**** Excerpted data ****

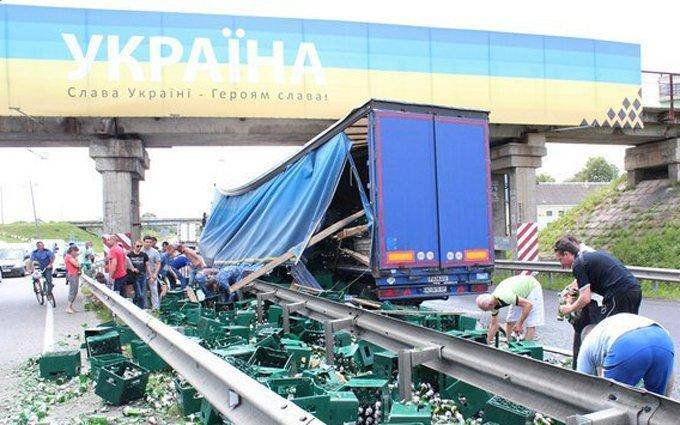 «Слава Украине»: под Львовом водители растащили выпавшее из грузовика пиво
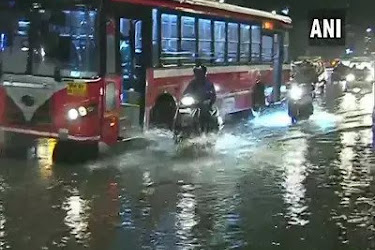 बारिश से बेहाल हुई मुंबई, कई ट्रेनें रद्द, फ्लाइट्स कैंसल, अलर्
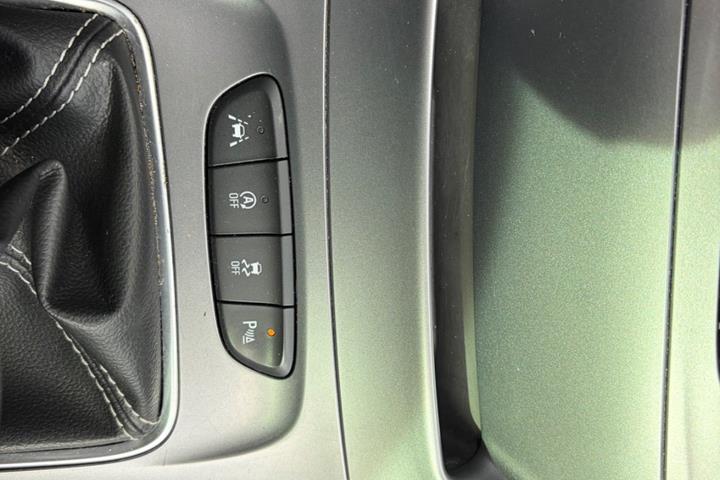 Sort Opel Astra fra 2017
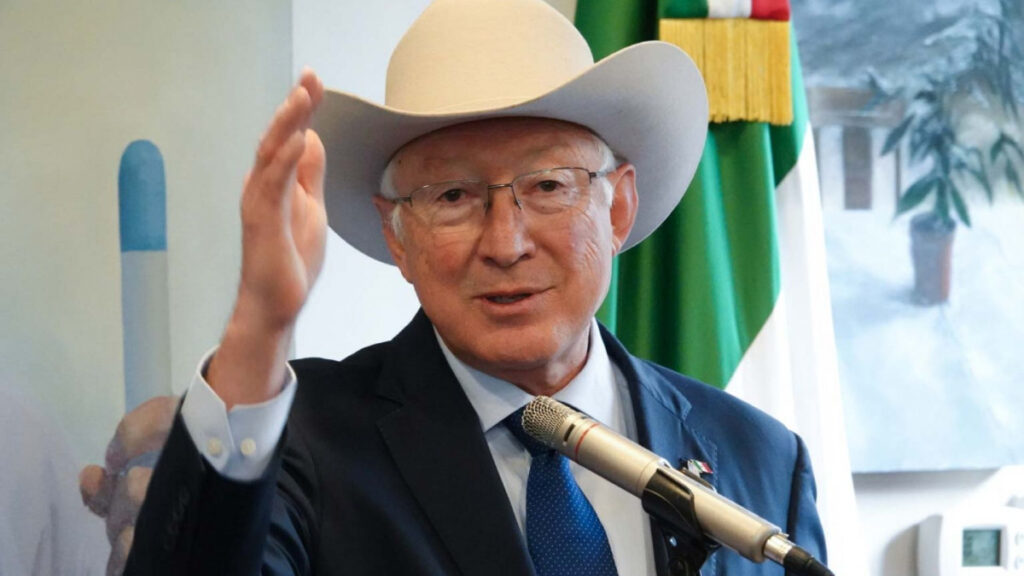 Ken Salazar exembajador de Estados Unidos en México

****
**** Excerpted data ****

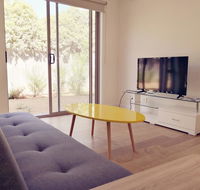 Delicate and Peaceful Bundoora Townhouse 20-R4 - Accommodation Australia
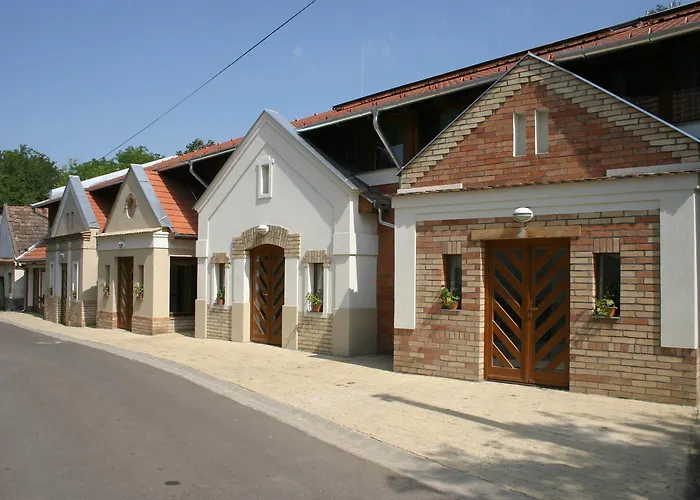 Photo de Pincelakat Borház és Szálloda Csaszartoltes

****

=== Required work ===
Output exactly the lines above, from the line with "из грузовика пиво" to the line with "Ken Salazar exembajador", both included; skip the pictures.

=== Answer section ===
 «Слава Украине»: под Львовом водители растащили выпавшее из грузовика пиво
 बारिश से बेहाल हुई मुंबई, कई ट्रेनें रद्द, फ्लाइट्स कैंसल, अलर्
 Sort Opel Astra fra 2017
 Ken Salazar exembajador de Estados Unidos en México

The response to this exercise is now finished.